Devasa bir Rus savaş gemisine öleceğini bile bile “s***irin gidin” diye küfrederek direnen askerlerin ruhu ile Rus Diktatörü Putin ve ultra zengin Rus oligarkların hizmetindeki bir işgal ordusunun ruhu nasıl boy ölçüşebilir?
Emin olun, bu gün Ukrayna halkı Ruslardan ve Putin’den artık çok daha fazla nefret ediyor, bu nefretin kamçıladığı direniş ruhu diktatör Putin’in tanklarını Ukrayna bataklıklarına gömerse ne olur?
Dünyanın çok büyük bir kısmı diktatör Putin’in Hitler’e öykünerek kalkıştığı bu işgal harekâtına karşı, Putin ve Rusya’ya bedel ödetmeye kararlıdır.

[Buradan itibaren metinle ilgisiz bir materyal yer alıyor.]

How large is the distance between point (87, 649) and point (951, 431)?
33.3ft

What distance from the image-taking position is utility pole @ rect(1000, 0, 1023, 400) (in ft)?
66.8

Rusya her ne kadar coğrafi ve askeri bir dev gibi görünse de teknolojik olarak geri ve ekonomik olarak bir cücedir. Neredeyse tüm gelirini ham madde satışı ile elde etmektedir. Hammadde satışlarında ise en büyük payı petrol, doğal gaz ve kömür almaktadır. İklim değişikliği ile mücadele kapsamında fosil kaynak kullanımının yasaklanması yakın gelecekte Rusya’yı ekonomik olarak epeyce zor bir duruma düşürecektir.
Putin’in bu gün yeniden bir süper güç olmaya özenmesi bana hep öküze özenen kurbağa hikâyesini anımsatır, hikâyenin sonu belli. Putin’in bu hikâyesinin sonunda da Rusya bir tur daha bölünüp parçalanabilir.
Diğer yandan Rusya’nın kaba askeri gücü dışında dünyaya satabileceği bir hikâyesi de kalmamıştır. Bolşevik devrimi sonrasında dünyayı etkileyen bir sosyalist dünya düzeni anlatılıyordu. Putin bu gün ne anlatacak, mafyatik oligarkların sömürdüğü Rus halkını mı anlatacak?
Eli kanlı bir diktatörün güç devşirme hayali sonucunda ölen masumlar, sığınaklarda korku içinde bekleşen çocuklar, işgal edilen yanıp yıkılan bir ülke görüntüsü ve bu görüntüye izin veren uygar dünya gerçekten de insanın yüreğini sızlatmaktadır. Birleşmiş Milletler böyle bir günde bile etkili olamıyorsa ne zaman etkili olacak?